:: WHAT YOU ARE ASKED TO DO ::
Print nothing but the lines below starting at the line that holds "如何解决包银消费逾期15天的问题？" and ending at the line that holds "2025 Lexus NX, VIN JTJGKAEZ4S2053438", including both, each exactly as written.

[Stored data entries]
▬▬▬▬▬▬▬▬▬▬

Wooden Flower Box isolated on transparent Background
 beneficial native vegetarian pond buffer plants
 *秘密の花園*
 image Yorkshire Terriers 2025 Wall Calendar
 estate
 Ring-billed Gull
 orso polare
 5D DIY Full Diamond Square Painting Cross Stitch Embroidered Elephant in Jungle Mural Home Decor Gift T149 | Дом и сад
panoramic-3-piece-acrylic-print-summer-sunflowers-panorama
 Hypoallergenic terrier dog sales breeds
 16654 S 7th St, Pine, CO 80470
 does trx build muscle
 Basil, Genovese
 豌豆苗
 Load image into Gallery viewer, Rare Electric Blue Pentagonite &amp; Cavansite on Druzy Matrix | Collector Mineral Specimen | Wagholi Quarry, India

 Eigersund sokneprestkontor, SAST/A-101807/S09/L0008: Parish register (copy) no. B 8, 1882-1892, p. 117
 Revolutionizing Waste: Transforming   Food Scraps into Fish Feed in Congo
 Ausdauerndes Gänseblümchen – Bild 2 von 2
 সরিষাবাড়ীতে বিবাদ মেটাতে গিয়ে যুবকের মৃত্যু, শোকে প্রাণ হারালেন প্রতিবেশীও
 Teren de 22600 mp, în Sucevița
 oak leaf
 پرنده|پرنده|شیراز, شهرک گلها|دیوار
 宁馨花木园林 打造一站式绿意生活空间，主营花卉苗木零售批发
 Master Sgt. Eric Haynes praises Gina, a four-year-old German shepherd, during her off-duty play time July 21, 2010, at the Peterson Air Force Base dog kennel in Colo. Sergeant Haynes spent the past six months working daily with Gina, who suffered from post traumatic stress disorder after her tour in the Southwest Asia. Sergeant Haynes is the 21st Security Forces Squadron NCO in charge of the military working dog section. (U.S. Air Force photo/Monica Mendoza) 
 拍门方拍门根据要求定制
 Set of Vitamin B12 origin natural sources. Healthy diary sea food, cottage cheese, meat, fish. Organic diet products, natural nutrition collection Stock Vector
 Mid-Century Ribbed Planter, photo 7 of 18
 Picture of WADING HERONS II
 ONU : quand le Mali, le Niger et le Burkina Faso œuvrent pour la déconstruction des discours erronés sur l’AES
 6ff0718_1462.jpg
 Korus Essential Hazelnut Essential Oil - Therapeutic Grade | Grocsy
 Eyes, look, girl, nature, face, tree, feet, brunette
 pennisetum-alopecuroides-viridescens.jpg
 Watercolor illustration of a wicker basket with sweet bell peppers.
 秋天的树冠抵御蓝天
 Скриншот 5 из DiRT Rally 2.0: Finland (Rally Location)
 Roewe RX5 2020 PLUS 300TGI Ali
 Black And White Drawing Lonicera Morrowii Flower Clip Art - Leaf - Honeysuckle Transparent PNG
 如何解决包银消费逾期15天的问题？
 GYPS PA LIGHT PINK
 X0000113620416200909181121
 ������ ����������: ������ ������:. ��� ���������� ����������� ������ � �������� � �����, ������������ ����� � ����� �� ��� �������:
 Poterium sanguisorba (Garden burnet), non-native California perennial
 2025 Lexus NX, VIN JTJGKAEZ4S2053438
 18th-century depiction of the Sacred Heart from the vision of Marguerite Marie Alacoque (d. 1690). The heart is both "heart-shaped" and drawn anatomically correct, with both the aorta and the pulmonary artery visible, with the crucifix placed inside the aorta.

▬▬▬▬▬▬▬▬▬▬

:: REPLY TO THE TASK ::
 如何解决包银消费逾期15天的问题？
 GYPS PA LIGHT PINK
 X0000113620416200909181121
 ������ ����������: ������ ������:. ��� ���������� ����������� ������ � �������� � �����, ������������ ����� � ����� �� ��� �������:
 Poterium sanguisorba (Garden burnet), non-native California perennial
 2025 Lexus NX, VIN JTJGKAEZ4S2053438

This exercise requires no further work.